The garden faces east, and since it sits up on a rise, it draws the early morning sun like a magnet. Right now, the garden is almost completely enveloped in bean vines, with the occasional sunflower or cosmos poking out here and there. I planted the Rattlesnake pole bean and sunflower seeds halfway through the summer all along the bottom of the semi-circle of fence on the east side and all across the back of the west side, where the peas were in June and July. 

I always forget that the vines race up the six or seven feet of fence in a few short weeks. After that, in an effort to keep growing, they travel sideways, up, down, and around each other, twining themselves into a massive heavy canopy that bends the top of the wiggly deer fence in on itself. The effect is dramatic, essentially creating an outdoor room within, almost like a secret garden.

Inside, the zinnias and cosmos are pushing six feet tall, reaching up for the midday sun now that the vines throw so much shade at sunrise. In the shadowy paths between the beds, bits and pieces of light that manage to filter through the vines dapple on bouncy nasturtium leaves and flowers, picking an occasional chocolate lace flower or snapdragon to spotlight. A few winter squash vines have taken off in the oldest bed on the north end of the garden, forming a horizontal canopy that matches the vertical bean vines in mystery and abandon.

This morning when I looked down on the back deck, my partner was not in his chair. Moving to the bathroom window, I looked out to see him padding down from the veg garden.

Hello!

Hello!

He paused, a broad smile bridging his face. 

“I’ve been in the garden,” he said slowly and deliberately, looking up at me, the smile widening. “It’s lovely in there. Did you know the zinnia blossoms have these little tiny yellow star-shaped mini flowers in them? And that Tithonia — it’s magnificent.”

He went on to say that he thought of me up there, and understood why I like to visit the garden and linger inside it every morning. It is serene and beautiful and magical, he admitted. But something you have to appreciate alone. (Usually his visits to the garden – since spearheading the construction of it and occasionally venturing in for infrastructure repairs – are on my urging when I’m busting to show him a new dahlia or a heavy branch of ripening tomatoes. It’s fun to share my enthusiasm, but not the same as enjoying the serenity the place brings in solitude.)

A hummingbird has been visiting me frequently in the garden. It’s almost as if it wants to communicate, hovering as it does three feet from my face until I hear the distinctive thrumming of its wings and look up to greet it.

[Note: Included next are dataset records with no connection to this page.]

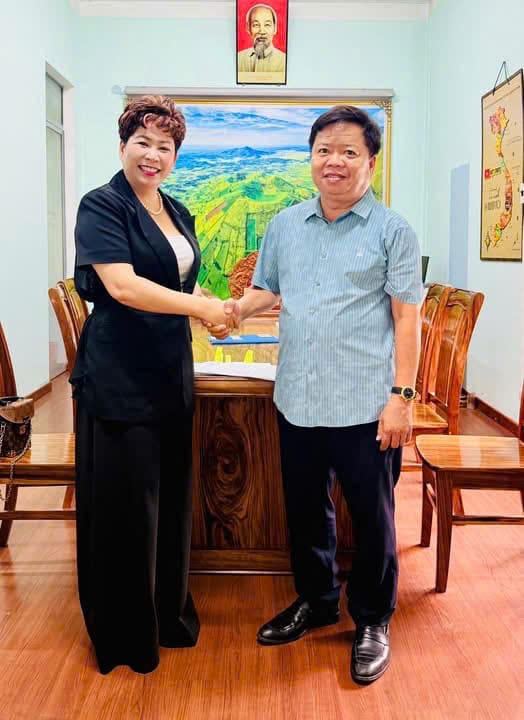 This morning, the My Duc Minh working group had a direct meeting at the headquarters of Chu Se Commune People's Committee with Mr. Truong Minh Trieu – Chairman of Chu Se Commune People's Committee.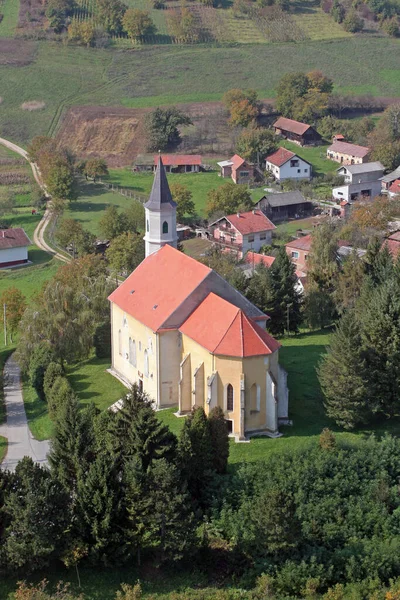 Εκκλησία Της Κοιμήσεως Της Θεοτόκου Στην Γκλογκόβνιτσα Της Κροατίας — Φωτογραφία Αρχείου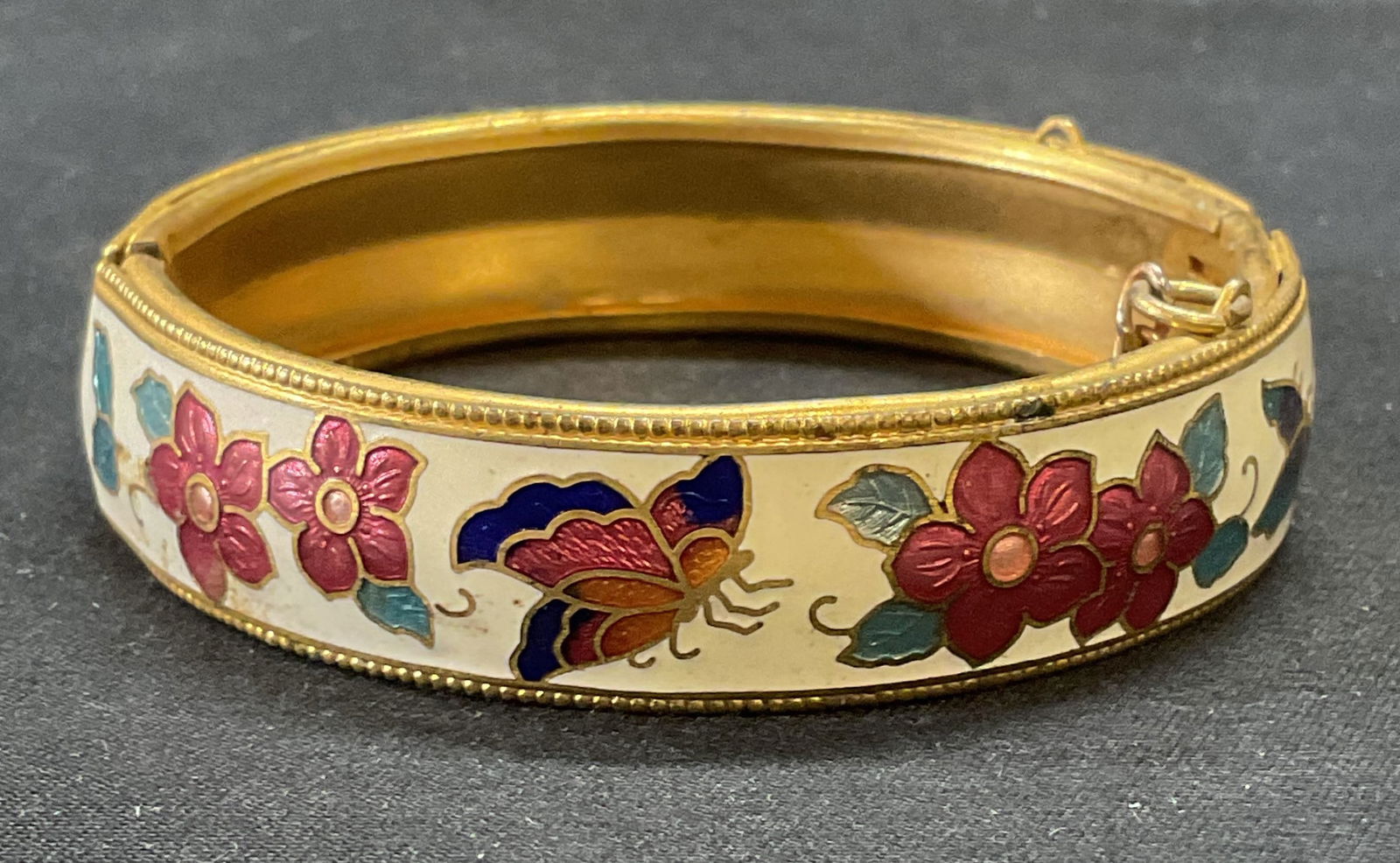 Vintage Gold Tn Enameled Floral Bracelet (1 of 6)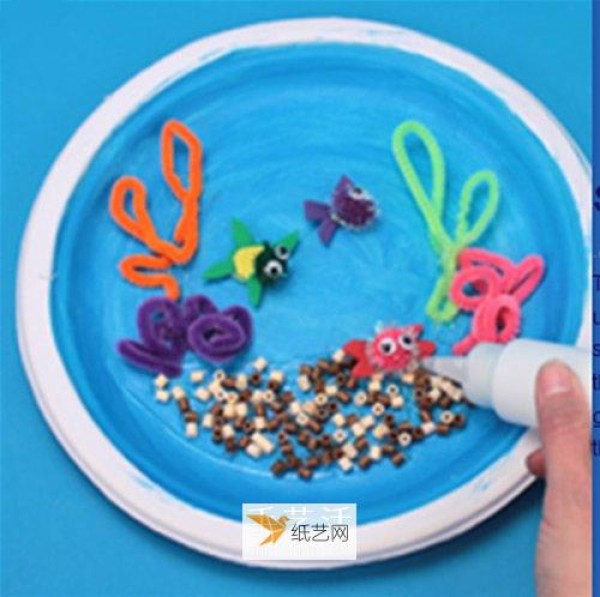 Personalized underwater world decorations made by reusing waste plates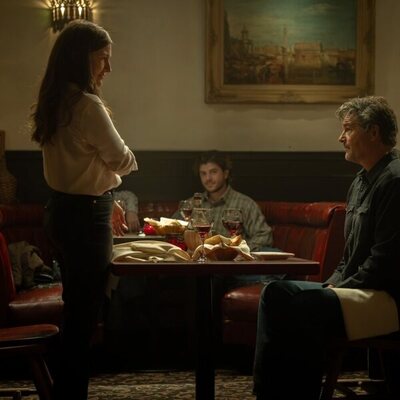Kyle Chandler en el 1x08 de 'Linternas'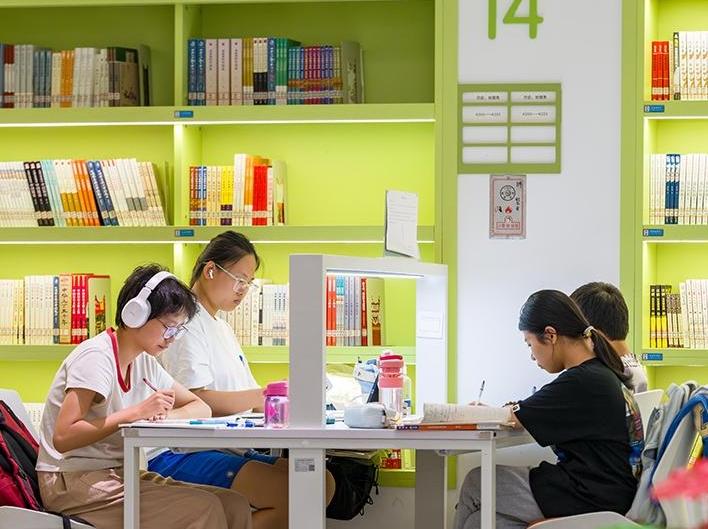  陕西西安：图书馆里觅书香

Yesterday afternoon the hummingbird appeared on the back deck and visited my partner, choosing to greet him first, hovering to say hello before spinning off to poke around some salvia along the walkway. My partner loves hummingbirds and was thrilled at this gesture — a tiny messenger from the land of serenity reminding him not to forget what he gleaned that morning. An acknowledgment of what comes into focus if you stop to observe. And a sheer delight, if nothing else.

Odd as I am sure it will appear to some, I can think of no better form of personal involvement in the cure of the environment than that of gardening. A person who is growing a garden, if he is growing it organically, is improving a piece of the world. He is producing something to eat, which makes him somewhat independent of the grocery business, but his is also enlarging, for himself, the meaning of food and the pleasure of eating.

The care of the earth is our most ancient and most worthy and, after all, our most pleasing responsibility. To cherish what remains of it, and to foster its renewal, is our only legitimate hope.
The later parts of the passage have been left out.